A pilot who was one of the first to arrive at the scene described a horrific scene of airplane wreckage, fuel, rainy weather, dead bodies and frightened survivors.
As he helped shuttle a doctor and two EMTs to the scene about three hours after the crash, Tom Tucker described seeing a survivor still strapped in the front seat with the nose of the plane disintegrated. His head was cut, and his legs appeared to be broken.
“The front of the aircraft was gone,” Tucker said. “He was just sitting in the chair.”
He and other responders made a tarp tent over the missing cockpit to keep him dry. It was rainy and cold, and he believes the passengers’ heavy duty waders protected them when they went into shock. Temperatures ranged from about 48 degrees to 50 degrees overnight at Dillingham.
“These individuals were cold. We covered them up with blankets and made them as comfortable as we could.”

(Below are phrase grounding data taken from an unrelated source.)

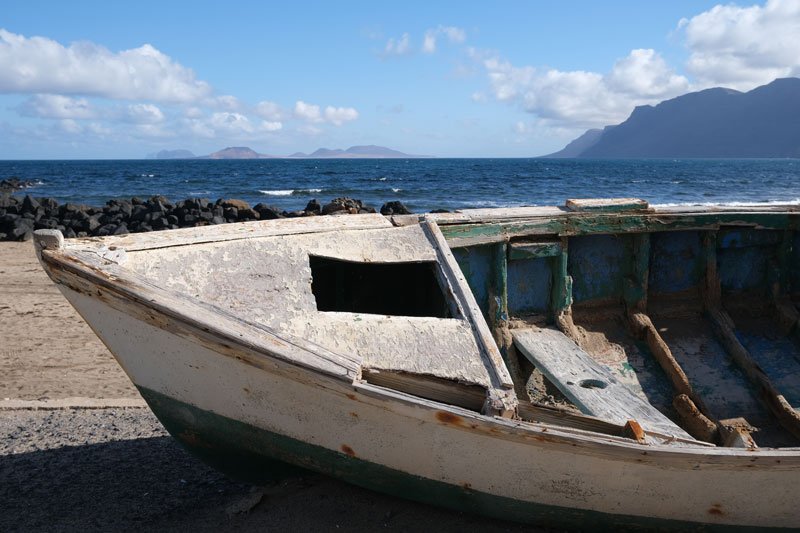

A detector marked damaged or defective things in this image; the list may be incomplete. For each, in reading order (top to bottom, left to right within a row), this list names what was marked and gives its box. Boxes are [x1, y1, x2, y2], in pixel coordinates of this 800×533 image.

broken wooden plank [512, 326, 692, 438]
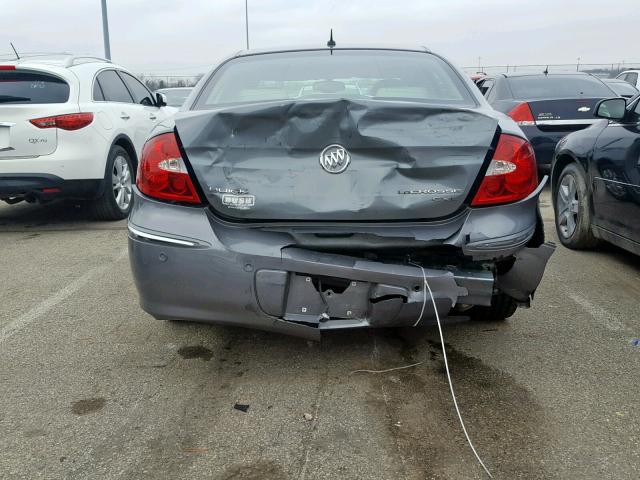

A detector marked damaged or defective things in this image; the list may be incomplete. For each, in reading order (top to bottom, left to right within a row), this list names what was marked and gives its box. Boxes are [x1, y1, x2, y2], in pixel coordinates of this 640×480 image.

crumpled trunk lid [175, 101, 500, 223]
broken rear bumper [127, 185, 552, 342]
damaged buick lacrosse [126, 44, 556, 338]
rear-end collision damage [126, 49, 556, 342]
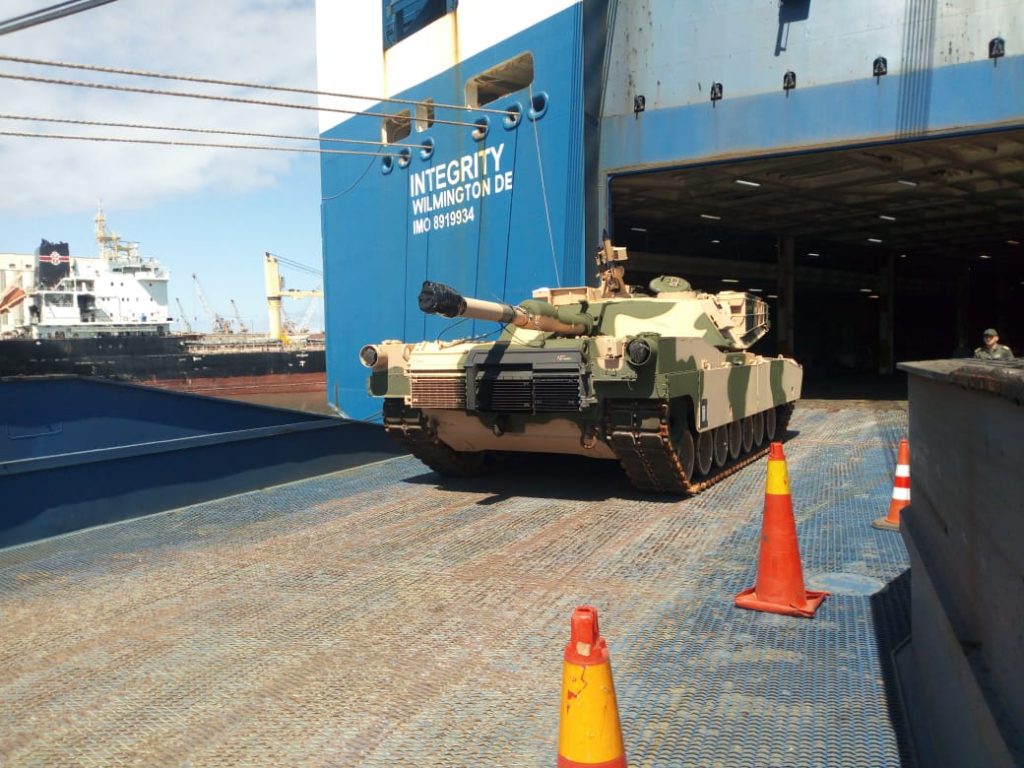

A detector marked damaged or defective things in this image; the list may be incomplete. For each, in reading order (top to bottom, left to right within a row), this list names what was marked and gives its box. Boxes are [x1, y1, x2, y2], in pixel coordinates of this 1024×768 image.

rusty metal surface [0, 405, 913, 765]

Master Sgt. Jonathan Davis, one of the first National Guardsmen to reach the crash site, told ABC’s “Good Morning America” that the waders helped the injured by acting “as sort of a survival-type blanket,” keeping body heat in and water out.
The flights at Dillingham are often perilous through the mountains, even in good weather. NTSB chairwoman Deborah Hersman said weather conditions at the time of the accident included light rain, clouds and gusty winds.